Required action:
Restate the lines word for word, from the one containing "Caddo Lake Lotus Blossoms" through the last line of the entries below, without any other lines.
========================
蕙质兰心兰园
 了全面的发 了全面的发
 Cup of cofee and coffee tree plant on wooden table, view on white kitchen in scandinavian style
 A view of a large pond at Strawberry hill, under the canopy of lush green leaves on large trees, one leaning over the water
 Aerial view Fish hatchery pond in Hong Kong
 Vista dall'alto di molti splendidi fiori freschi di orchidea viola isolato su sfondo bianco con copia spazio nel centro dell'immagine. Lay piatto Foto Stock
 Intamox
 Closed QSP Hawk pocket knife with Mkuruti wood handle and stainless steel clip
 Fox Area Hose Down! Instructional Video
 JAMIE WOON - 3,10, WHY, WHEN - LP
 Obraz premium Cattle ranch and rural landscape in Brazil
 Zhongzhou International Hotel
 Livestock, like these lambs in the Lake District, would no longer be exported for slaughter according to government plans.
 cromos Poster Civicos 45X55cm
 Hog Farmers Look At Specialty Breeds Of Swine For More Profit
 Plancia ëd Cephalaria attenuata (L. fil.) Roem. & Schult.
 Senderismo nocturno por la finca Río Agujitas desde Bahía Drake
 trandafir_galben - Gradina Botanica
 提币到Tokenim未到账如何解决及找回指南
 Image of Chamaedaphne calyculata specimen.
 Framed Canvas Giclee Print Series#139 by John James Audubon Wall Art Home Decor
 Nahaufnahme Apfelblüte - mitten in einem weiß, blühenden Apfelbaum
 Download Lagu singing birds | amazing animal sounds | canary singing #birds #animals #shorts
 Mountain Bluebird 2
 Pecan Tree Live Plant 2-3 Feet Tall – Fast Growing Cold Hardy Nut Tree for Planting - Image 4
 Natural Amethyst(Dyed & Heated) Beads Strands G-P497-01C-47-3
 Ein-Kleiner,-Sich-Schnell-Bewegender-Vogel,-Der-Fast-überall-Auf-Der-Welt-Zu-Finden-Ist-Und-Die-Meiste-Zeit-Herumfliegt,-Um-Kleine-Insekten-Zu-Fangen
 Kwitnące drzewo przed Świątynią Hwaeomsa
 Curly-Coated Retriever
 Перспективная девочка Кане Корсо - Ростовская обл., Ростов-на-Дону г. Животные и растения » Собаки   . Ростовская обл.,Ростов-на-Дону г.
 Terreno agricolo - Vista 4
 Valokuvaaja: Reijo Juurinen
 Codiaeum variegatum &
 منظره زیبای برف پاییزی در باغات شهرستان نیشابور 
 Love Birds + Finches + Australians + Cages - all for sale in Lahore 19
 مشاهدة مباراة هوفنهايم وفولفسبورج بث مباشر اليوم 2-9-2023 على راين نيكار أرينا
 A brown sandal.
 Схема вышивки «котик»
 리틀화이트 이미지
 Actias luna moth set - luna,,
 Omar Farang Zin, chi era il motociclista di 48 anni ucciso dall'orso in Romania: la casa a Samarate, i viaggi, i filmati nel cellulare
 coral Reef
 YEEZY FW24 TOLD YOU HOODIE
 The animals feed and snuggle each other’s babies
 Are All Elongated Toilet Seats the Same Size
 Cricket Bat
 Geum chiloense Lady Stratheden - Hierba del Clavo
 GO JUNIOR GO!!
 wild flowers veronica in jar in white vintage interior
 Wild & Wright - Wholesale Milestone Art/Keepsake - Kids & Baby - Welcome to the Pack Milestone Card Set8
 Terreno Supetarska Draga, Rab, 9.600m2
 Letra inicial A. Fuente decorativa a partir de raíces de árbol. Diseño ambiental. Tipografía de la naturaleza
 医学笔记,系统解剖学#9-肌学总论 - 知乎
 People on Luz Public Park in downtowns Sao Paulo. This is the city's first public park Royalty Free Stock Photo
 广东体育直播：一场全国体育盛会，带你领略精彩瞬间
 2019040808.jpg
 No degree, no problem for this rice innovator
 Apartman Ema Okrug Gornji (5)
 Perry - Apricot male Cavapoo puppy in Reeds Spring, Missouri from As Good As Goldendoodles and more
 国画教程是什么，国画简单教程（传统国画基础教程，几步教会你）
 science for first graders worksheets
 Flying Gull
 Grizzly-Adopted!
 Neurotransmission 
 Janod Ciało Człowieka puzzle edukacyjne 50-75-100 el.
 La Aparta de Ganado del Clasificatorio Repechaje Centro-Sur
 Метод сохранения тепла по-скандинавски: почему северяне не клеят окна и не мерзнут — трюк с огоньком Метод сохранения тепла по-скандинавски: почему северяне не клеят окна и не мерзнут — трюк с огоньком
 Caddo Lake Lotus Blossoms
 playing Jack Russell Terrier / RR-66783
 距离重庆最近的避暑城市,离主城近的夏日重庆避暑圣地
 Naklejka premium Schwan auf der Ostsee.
========================
Final answer:
 Caddo Lake Lotus Blossoms
 playing Jack Russell Terrier / RR-66783
 距离重庆最近的避暑城市,离主城近的夏日重庆避暑圣地
 Naklejka premium Schwan auf der Ostsee.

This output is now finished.